日: 2006年4月18日

調子が出てきたぞ

 きちんとプロットを書いてから、長編の執筆に入る。
 少なからぬ作家がとっているアプローチを実は僕はしたことがない。何百枚も書いた挙げ句にボツになる、という作家側のリスクを回避するにも、どんなものができてくるかわからない、という出版社のリスクをなくすためにも、とても有効なアプローチであることはわかっている。
 けれど、書きはじめてみないとわからない、書きはじめれば必ずアイデアは出るのだが、書かずにあらすじだけ考えるとなかなかアイデアが生まれない、と、これまた少なからぬ作家がとっている方法がいままでの僕のやり方だった。
 今回、初めて真剣に「プロットから入る」アプローチをやっている。
 いままでだって試みたことはあるのだが、ことごとく失敗して時間だけが過ぎ、結局、「四の五の考えずに書きはじめてしまった方が早い」という結果になっていた。
 ただ、ダイヤモンド経済小説大賞優秀賞でデビューした関係で、いままでは何をテーマに書いても、それぞれの出版社にもっていけばよかったところが、ことダイヤモンド社に関しては「経済小説」を書かなくてはならないことになっている。

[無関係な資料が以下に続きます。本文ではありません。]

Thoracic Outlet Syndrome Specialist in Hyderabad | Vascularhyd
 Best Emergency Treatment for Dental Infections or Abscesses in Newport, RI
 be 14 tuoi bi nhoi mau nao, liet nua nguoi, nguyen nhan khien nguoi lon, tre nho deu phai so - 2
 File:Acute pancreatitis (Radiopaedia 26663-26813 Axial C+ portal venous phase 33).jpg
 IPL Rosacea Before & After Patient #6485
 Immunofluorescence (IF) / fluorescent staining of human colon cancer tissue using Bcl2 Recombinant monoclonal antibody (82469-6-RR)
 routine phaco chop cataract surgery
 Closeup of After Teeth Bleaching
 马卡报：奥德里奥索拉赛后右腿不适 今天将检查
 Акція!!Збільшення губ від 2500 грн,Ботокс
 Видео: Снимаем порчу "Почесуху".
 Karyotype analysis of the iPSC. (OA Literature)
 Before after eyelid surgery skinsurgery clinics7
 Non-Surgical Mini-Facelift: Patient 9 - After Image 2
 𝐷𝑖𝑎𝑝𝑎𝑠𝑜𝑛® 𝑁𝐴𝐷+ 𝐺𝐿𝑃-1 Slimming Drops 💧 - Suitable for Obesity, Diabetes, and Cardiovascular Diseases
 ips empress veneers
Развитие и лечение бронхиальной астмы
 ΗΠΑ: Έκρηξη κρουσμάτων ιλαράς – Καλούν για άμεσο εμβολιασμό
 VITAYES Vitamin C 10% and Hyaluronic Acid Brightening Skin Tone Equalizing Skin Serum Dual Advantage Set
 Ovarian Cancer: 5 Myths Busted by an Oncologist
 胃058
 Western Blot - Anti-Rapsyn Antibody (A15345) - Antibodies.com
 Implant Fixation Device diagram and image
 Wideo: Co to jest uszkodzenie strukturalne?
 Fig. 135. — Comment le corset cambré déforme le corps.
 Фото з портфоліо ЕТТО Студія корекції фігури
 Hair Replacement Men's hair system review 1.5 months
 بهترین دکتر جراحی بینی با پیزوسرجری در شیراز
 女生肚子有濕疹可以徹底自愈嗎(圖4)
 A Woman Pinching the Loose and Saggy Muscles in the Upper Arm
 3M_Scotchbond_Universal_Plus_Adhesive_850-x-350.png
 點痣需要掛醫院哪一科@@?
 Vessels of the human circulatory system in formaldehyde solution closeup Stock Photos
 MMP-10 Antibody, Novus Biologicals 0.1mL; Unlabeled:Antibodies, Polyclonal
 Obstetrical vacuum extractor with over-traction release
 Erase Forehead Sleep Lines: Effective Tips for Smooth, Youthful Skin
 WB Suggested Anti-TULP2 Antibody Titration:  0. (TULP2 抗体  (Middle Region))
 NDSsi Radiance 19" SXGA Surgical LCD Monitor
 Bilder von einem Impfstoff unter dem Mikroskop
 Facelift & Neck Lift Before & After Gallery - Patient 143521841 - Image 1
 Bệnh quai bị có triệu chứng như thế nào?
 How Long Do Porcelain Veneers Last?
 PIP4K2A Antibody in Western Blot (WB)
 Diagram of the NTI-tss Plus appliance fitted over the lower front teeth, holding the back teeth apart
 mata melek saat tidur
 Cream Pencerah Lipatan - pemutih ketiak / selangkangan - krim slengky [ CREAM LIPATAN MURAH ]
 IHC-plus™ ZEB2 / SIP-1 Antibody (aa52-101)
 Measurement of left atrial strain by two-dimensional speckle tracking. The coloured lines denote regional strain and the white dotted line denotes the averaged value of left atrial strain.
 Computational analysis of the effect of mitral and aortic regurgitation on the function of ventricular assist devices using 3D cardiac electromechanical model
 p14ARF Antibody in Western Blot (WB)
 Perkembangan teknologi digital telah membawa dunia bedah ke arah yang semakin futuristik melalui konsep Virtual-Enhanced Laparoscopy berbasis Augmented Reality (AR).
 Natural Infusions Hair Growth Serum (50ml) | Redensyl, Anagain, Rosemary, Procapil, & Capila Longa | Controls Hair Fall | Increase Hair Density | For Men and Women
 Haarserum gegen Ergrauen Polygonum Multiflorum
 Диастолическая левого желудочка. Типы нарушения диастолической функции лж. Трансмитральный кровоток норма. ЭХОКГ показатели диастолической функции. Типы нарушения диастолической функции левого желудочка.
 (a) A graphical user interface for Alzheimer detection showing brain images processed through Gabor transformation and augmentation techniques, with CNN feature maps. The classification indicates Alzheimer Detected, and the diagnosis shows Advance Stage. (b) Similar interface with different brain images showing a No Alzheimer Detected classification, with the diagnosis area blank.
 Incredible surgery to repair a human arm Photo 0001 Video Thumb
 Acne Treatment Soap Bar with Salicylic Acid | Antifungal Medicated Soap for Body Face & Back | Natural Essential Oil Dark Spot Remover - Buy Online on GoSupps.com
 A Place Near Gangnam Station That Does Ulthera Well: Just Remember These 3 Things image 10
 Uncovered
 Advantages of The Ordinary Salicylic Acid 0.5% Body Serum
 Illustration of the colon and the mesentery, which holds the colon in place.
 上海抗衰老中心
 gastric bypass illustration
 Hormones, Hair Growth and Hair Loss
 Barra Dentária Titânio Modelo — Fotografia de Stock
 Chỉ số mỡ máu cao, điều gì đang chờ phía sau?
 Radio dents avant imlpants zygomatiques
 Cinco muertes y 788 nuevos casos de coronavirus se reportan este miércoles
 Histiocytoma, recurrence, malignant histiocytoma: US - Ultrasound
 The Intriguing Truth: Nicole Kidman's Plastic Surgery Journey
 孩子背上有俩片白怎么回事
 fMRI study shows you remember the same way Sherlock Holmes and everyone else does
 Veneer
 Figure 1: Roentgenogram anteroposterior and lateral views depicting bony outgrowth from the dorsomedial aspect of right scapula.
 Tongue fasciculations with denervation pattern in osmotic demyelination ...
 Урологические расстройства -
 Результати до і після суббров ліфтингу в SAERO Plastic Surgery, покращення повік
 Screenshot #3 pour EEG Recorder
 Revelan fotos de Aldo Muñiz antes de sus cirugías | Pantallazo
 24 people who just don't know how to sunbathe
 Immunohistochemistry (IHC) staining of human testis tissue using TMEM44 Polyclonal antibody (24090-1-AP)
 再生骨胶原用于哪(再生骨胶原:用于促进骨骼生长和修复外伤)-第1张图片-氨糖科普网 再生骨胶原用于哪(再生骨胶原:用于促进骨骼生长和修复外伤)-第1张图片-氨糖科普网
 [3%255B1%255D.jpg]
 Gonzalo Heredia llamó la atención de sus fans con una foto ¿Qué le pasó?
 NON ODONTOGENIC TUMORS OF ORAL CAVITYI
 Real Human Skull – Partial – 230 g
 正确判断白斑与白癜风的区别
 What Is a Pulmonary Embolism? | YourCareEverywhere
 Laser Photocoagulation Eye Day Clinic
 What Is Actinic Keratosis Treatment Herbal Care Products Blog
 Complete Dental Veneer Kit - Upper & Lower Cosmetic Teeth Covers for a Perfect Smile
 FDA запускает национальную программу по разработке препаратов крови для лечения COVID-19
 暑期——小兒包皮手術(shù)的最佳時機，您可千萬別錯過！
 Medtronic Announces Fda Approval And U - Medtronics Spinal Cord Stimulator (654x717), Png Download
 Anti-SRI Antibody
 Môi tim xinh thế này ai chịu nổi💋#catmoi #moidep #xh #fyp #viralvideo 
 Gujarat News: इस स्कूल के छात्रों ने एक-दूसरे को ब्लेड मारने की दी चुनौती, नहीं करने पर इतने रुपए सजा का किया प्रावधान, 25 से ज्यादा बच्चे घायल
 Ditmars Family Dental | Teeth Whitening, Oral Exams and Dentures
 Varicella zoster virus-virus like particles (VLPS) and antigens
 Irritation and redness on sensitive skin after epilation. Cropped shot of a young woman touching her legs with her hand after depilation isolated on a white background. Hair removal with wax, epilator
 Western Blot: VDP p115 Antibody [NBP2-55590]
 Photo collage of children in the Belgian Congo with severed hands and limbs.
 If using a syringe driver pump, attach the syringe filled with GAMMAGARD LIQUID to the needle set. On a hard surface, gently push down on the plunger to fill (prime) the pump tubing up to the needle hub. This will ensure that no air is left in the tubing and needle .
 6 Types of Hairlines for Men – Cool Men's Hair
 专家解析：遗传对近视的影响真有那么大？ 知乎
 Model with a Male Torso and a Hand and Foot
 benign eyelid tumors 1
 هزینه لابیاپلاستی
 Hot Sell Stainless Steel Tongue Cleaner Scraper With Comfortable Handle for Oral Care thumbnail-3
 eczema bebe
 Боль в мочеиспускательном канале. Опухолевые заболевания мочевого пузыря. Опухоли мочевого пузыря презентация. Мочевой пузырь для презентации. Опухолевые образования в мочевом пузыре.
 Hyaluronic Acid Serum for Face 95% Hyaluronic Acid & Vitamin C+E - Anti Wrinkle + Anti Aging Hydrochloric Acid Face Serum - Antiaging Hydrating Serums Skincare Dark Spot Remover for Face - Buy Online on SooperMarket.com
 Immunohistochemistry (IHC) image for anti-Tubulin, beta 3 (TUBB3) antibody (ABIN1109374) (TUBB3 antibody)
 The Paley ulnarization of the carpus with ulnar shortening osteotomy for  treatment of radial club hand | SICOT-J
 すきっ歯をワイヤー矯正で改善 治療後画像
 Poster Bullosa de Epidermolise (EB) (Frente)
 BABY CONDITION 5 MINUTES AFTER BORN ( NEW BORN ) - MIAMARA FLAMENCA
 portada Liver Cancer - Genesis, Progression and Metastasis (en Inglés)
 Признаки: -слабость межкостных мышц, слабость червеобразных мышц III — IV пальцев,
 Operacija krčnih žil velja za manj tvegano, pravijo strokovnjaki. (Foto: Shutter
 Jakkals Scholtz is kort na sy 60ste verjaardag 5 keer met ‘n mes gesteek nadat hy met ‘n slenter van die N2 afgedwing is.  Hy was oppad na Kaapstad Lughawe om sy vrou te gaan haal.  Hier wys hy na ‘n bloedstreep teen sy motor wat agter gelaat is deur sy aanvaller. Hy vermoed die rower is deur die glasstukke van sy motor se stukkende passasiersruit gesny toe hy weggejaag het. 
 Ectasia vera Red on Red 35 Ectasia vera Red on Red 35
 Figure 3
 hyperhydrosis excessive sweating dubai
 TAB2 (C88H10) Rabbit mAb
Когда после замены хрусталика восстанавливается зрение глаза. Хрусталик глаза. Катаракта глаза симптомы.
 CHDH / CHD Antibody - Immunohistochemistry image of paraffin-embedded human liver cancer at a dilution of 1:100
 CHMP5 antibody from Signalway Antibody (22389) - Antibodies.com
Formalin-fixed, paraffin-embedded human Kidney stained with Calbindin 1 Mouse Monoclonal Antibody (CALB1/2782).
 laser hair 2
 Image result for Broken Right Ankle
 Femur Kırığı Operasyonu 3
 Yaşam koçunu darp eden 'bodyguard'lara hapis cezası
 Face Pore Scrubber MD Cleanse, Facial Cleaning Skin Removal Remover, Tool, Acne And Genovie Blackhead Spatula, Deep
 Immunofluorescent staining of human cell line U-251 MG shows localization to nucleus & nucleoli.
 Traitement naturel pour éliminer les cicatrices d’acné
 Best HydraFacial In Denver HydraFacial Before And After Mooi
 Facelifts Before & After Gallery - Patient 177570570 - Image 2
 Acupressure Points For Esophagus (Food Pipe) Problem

 そうはいっても、経済小説の主流は金融や商社や流通を舞台にしたいわゆる文科系ホワイトカラーの小説だ。製造業出身で元エンジニアの阿川大樹は門外漢だし、そういうみんなが書いている分野にもともと強いこだわりがない。そういう分野はすぐれた先達に任せて、せっかくなんだから新しい経済小説を書きたい。
 じゃあ「新しい経済小説」とは何なのか。
 そもそも新しいわけだから、いままでにないチャレンジになる。となると新しいものを現物ができる前に編集者と作者でイメージを共有するとしたら、建築でいう模型やパース図、小説ならあらすじ(プロット)がないといけないわけだ。
 でないと、僕がこれは新しい経済小説だと思っても、出版社がこれは経済小説ではないと判断すれば、せっかく書いた長編も陽の目を見ない。これはお互いにとってリスクが高すぎる。
 というわけで、今回、なんとしてもプロットから小説を組み立てるという新たな挑戦をしている。
 なんといっても、初めてのことだからスムーズにはいかない。
 でもでもでも、本日、あらすじとしては30%は40%ぐらいできたところで、試みに冒頭を書きはじめてみたら、どんどんアイデアが出てくる。ならば、プロット自体を膨らますために、もう少し書いてみようかということにした。
 こういう風に、アイデアがどんどん湧いてきて、筆が進むときは、ものすごく楽しい。書いてしまうのがもったいないほどに楽しい。(笑)
『窓を開ければ港も見える』も新しいコンテンツを追加しました。